A seguir, o capítulo VI do livro “A vida de Maria Sabina, a sábia dos cogumelos” escrito por Álvaro Estrada. Neste capítulo Maria Sabina relata a experiência onde curou sua irmã ingerindo cogumelos que contém psilocibina e invocando sua força, como os antigos mazatecas faziam.


– Capítulo VI –

Vários anos, não sei quantos, depois de eu ter ficado viúva pela primeira vez, minha irmã María Ana adoeceu. Sentia dores no ventre: eram pontadas agudas que a faziam dobrar-se e gemer de dor. Eu via que ia ficando cada vez mais grave. Quando ela se sentia mais ou menos aliviada, voltava aos afazeres domésticos. Mas, sem que ela pudesse se controlar, uma vez desmaiou na estrada.

Seus desmaios ocorreriam freqüentemente mais tarde.

Temendo por sua saúde, contratei curandeiros para tratá-la, mas pude ver, com angústia, que seu mal aumentava. Certa manhã, não se levantou da cama; tremia e gemia. Fiquei preocupada como nunca. Chamei vários curandeiros, mas foi inútil. Eles não puderam curar a minha irmã.

Naquela tarde, vendo minha irmã estirada, pensei que estivesse morta. Minha única irmã. Não, isso não podia acontecer. Ela não podia morrer. Eu sabia que os meninos santos tinham o poder. Eu os tinha comido quando criança, e me lembrava que não faziam mal. Eu sabia que nossa gente os comia para curar doenças. Então, tomei uma decisão; naquela mesma noite, eu comeria os cogumelos santos. Fiz isso. Dei a ela três pares. Eu comi muitos, para que me dessem poder imenso. Não poso mentir, devo ter comido trinta pares de “derrumbe” ¹. (¹ Variedade de cogumelo. Psilocybe Caerulescen)

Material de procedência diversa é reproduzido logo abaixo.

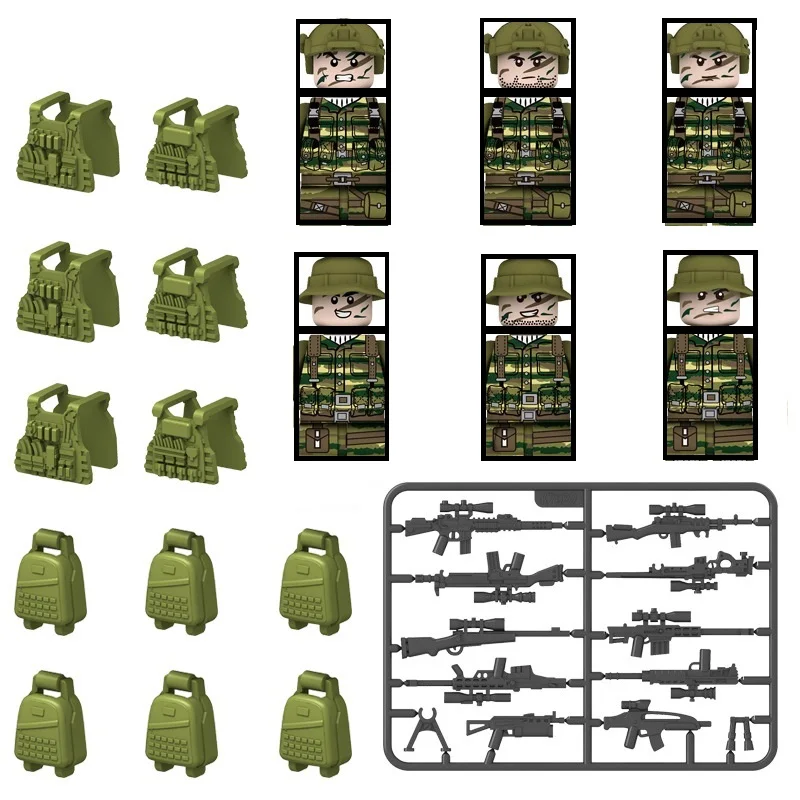 

SWAT Camouflage Special Forces Military Weapon Guns Soldier Figure Police Blocks Army MOC Bricks Model Building Kits Kids Toys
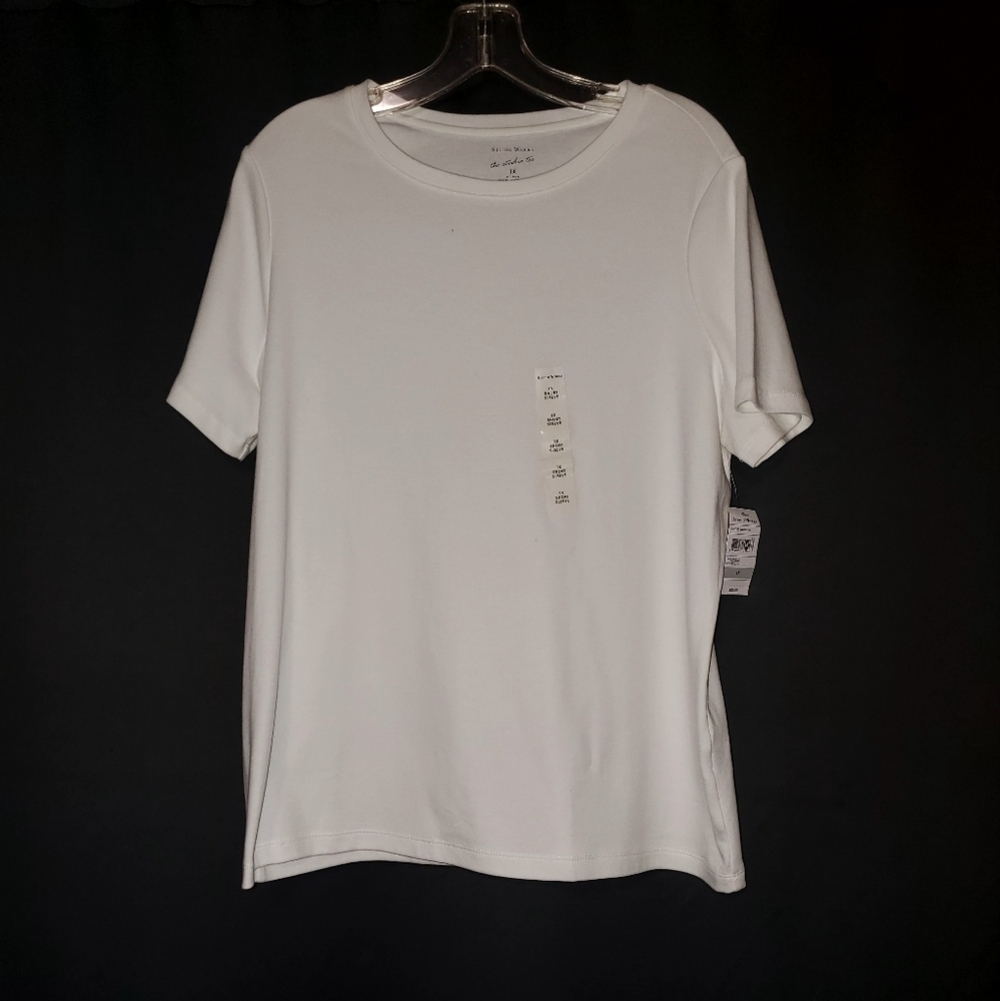 Basic White Tee Studio Works Size 1X NWT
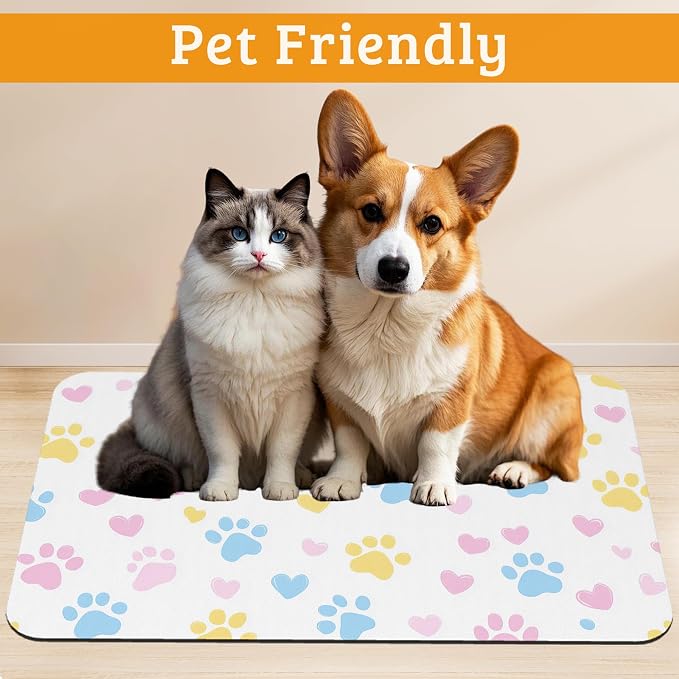 Dog Bowl Mat, Colorful Dog Paws Pet Feeding Mat - Image 2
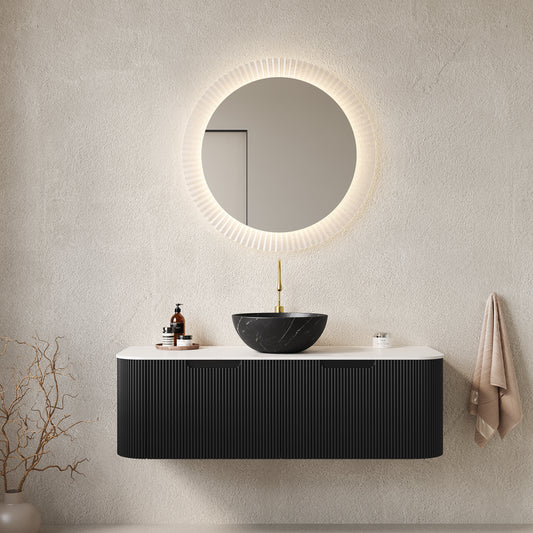 Dexmalle 48" Bathroom Vanity&Sink, Floating Curved Edges Striped Plywood Storage Cabinet with 2 Drawers, Matte Stone Black Bowl Ceramic Basin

Quando os meninos estavam trabalhando dentro de meu corpo, rezei e pedi a Deus que me ajudasse a curar María Ana. Pouco a pouco, senti que podia falar cada vez com mais facilidade. Aproximei-me da enferma. Os meninos santos guiaram minhas mãos para apertar seus quadris.Suavemente, fui fazendo massagem onde ela dizia que doía. Eu falava e cantava. Sentia que cantava bonito. Dizia o que osmeninos me obrigavam a dizer.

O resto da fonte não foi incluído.